» Work to complete:
All pictures are to be omitted while the lines starting at the line with "A serene river" and ending at the line with "Fotoobraz obraz z jeleniami jeleń 170x80cm" in the material below are retyped exactly, both ends included.

» Available records:
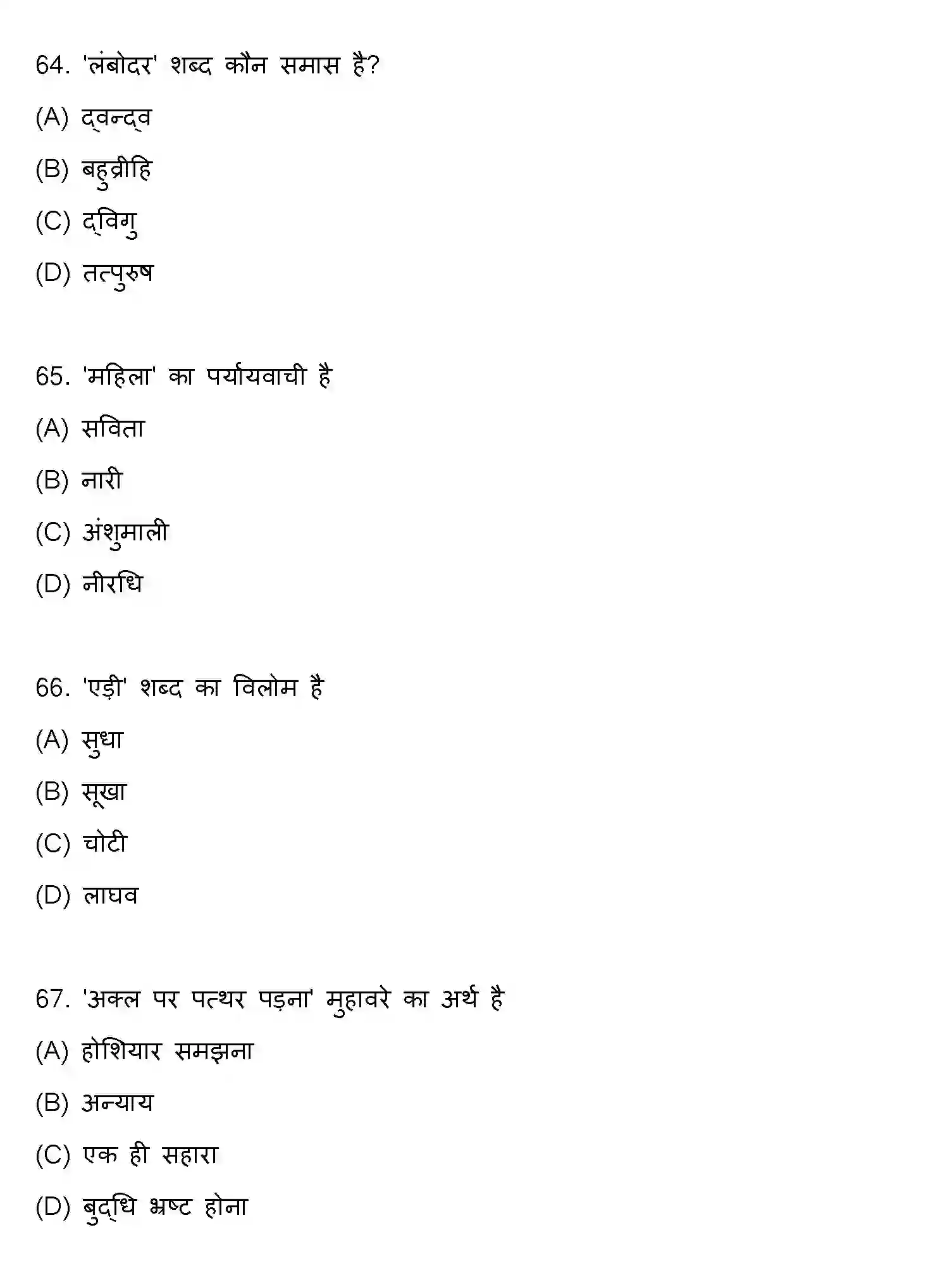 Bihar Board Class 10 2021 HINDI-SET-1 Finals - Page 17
* * *
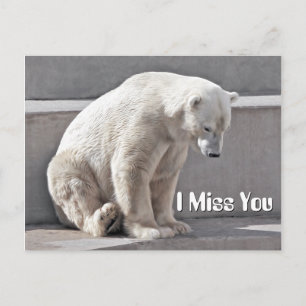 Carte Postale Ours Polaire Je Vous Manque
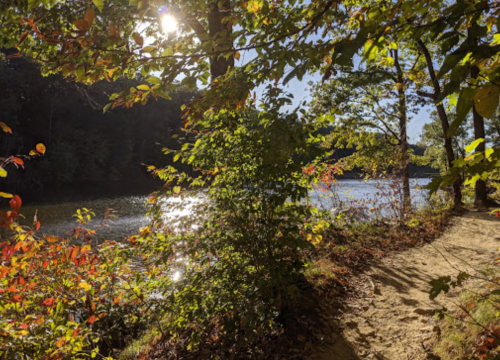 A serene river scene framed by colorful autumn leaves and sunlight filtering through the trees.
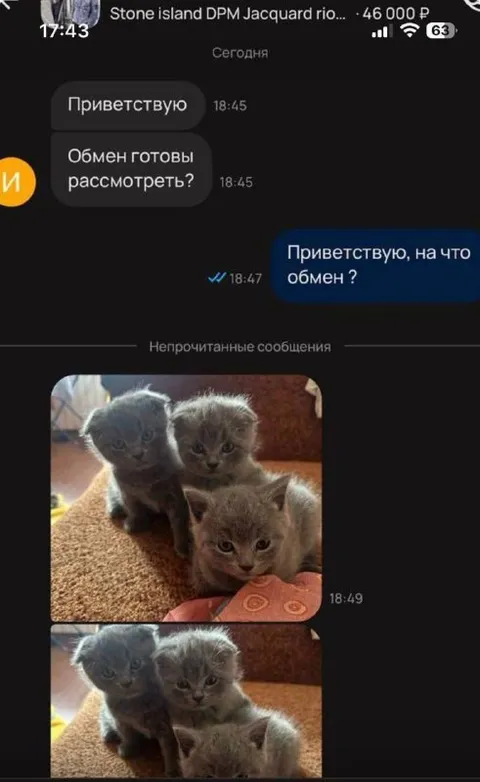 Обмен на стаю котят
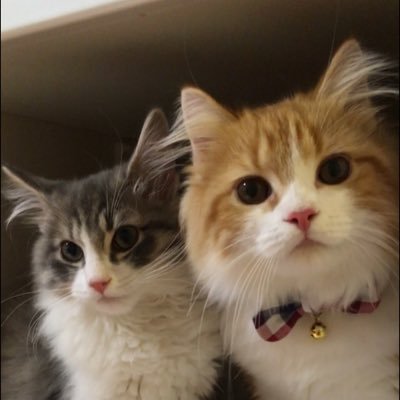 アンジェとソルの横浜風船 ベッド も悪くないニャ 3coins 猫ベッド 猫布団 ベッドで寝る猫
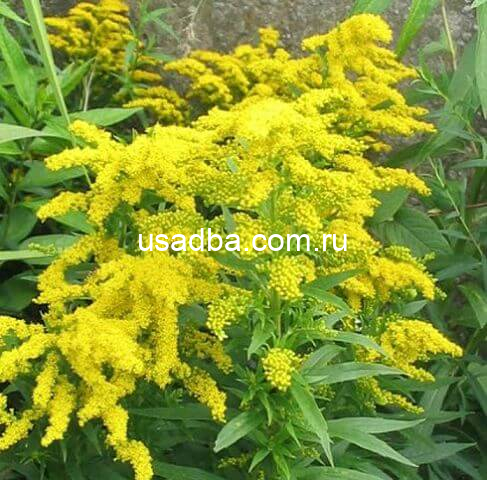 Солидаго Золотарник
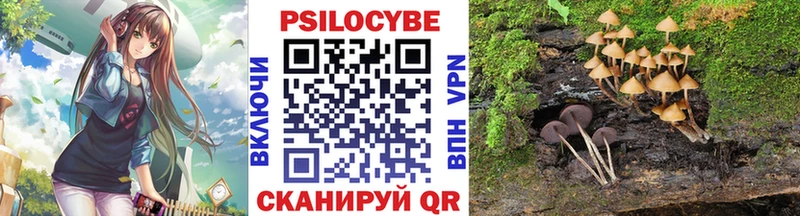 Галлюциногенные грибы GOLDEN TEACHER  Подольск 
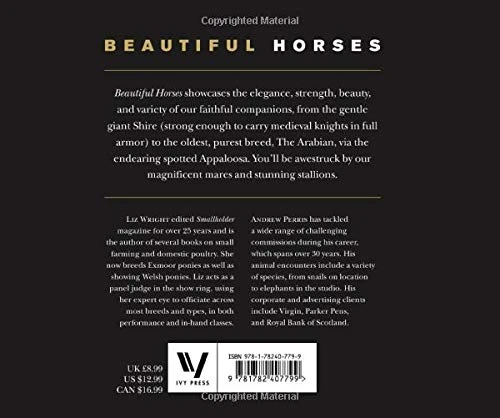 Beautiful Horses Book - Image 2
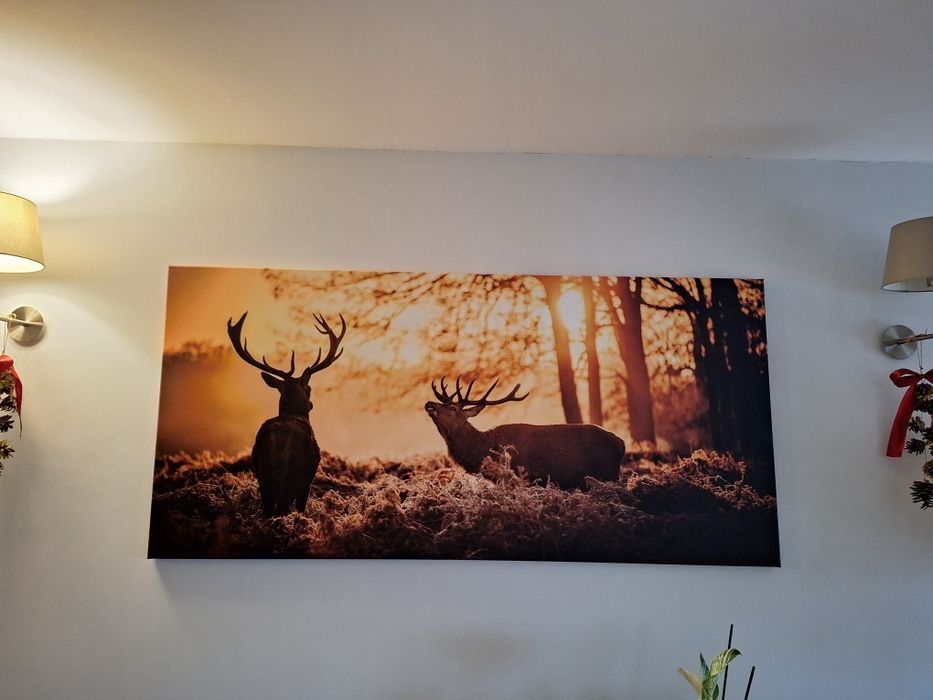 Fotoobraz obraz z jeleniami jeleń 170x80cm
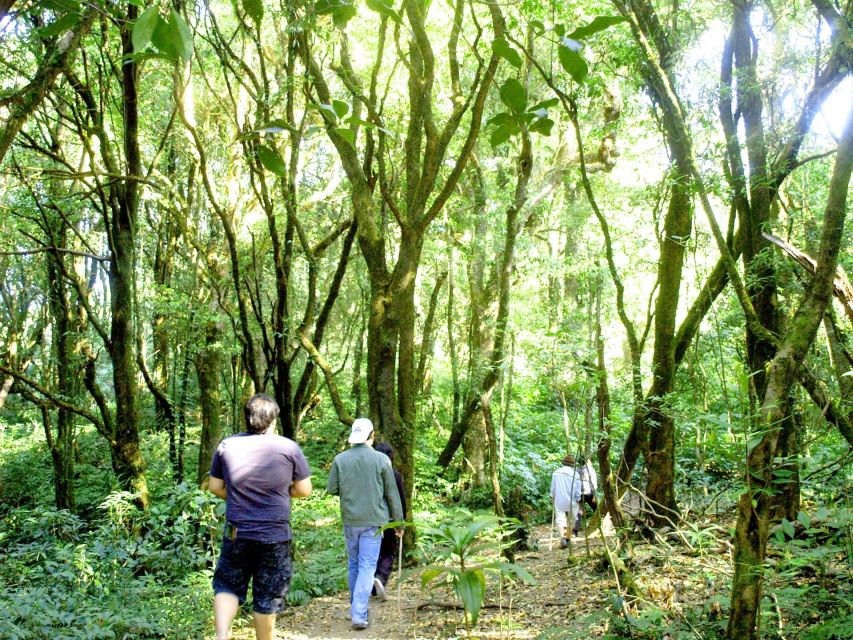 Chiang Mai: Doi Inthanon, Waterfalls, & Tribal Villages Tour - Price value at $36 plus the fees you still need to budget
* * *
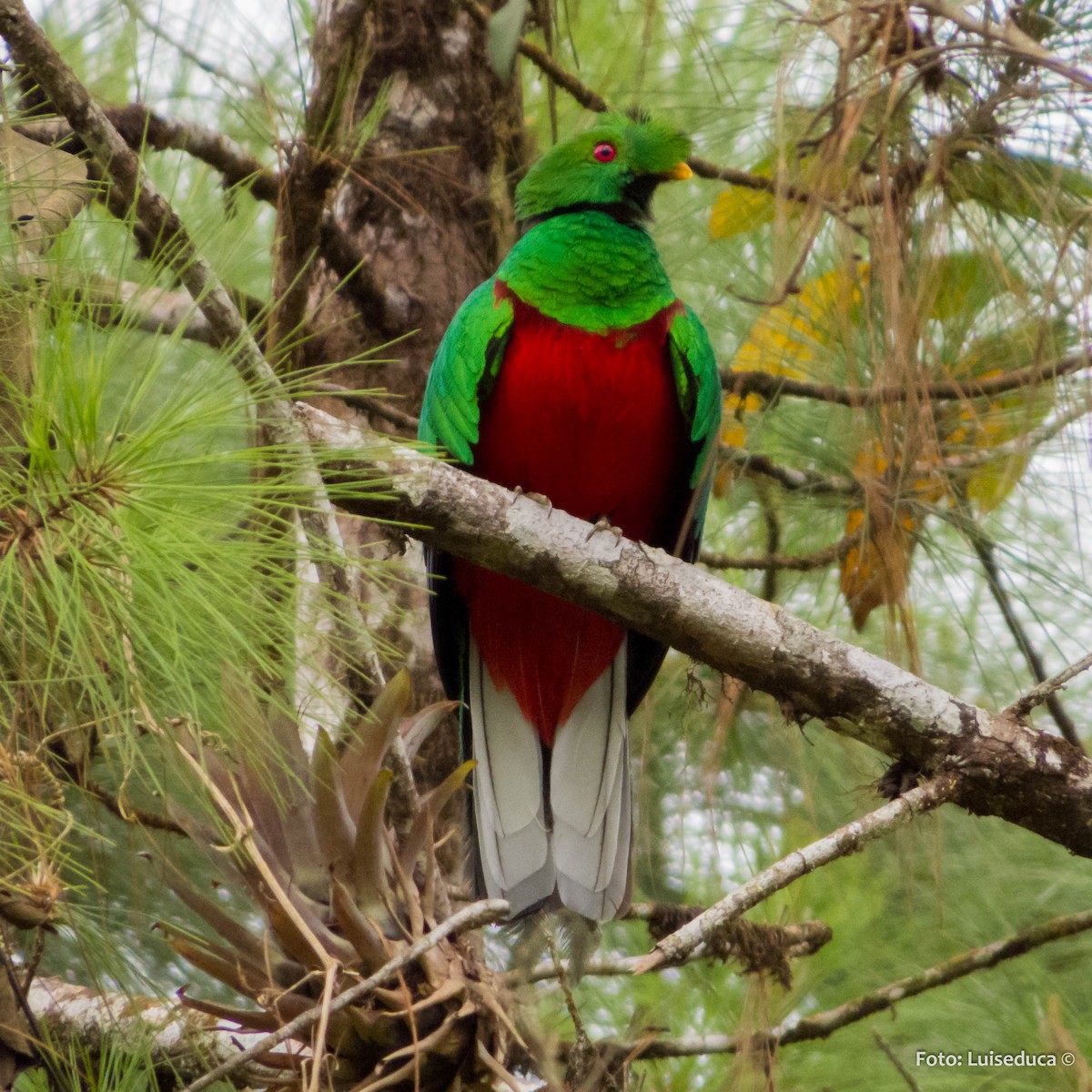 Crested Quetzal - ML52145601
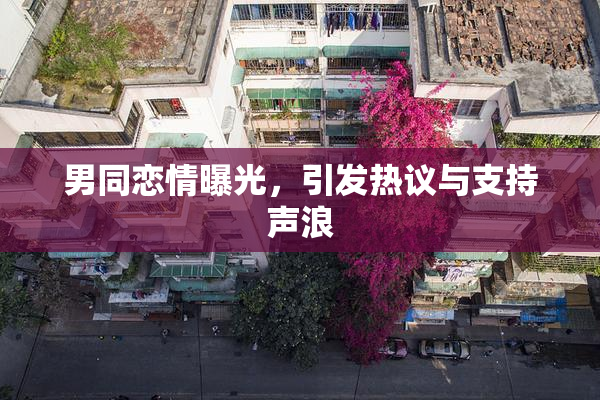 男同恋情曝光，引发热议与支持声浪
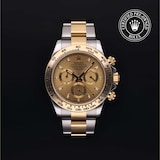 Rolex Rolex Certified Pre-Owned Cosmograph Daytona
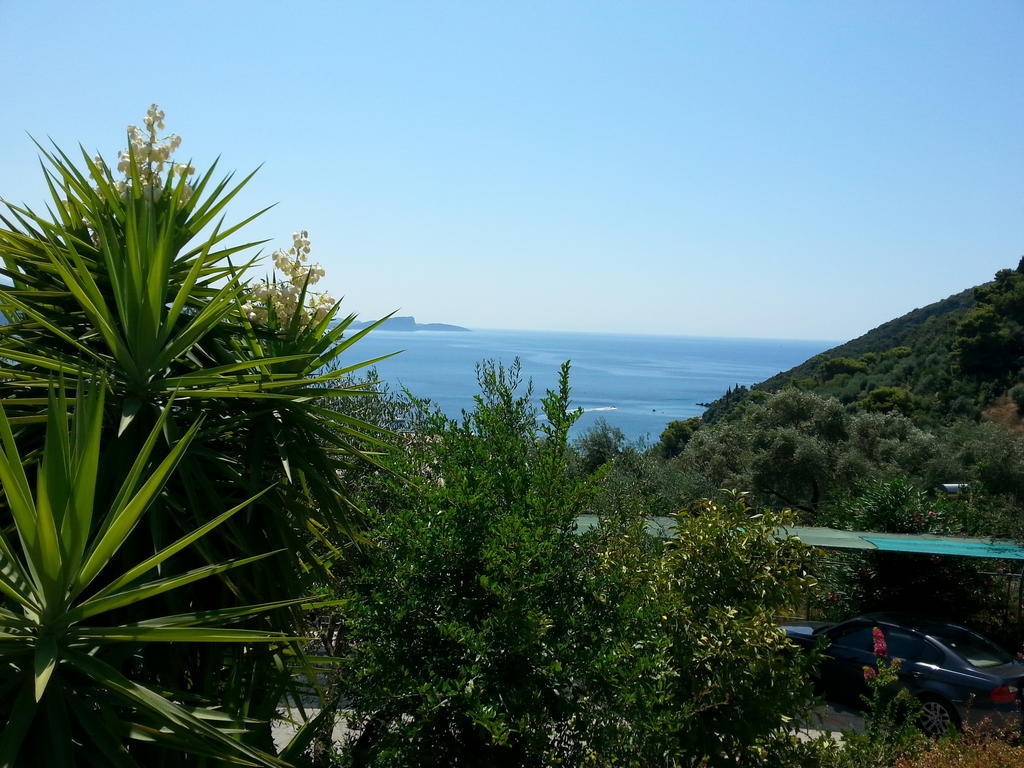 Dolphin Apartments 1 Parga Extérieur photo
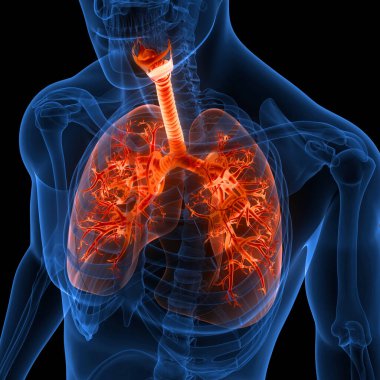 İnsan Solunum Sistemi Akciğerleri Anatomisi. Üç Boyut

» Result:
 A serene river scene framed by colorful autumn leaves and sunlight filtering through the trees.
 Обмен на стаю котят
 アンジェとソルの横浜風船 ベッド も悪くないニャ 3coins 猫ベッド 猫布団 ベッドで寝る猫
 Солидаго Золотарник
 Галлюциногенные грибы GOLDEN TEACHER  Подольск 
 Beautiful Horses Book - Image 2
 Fotoobraz obraz z jeleniami jeleń 170x80cm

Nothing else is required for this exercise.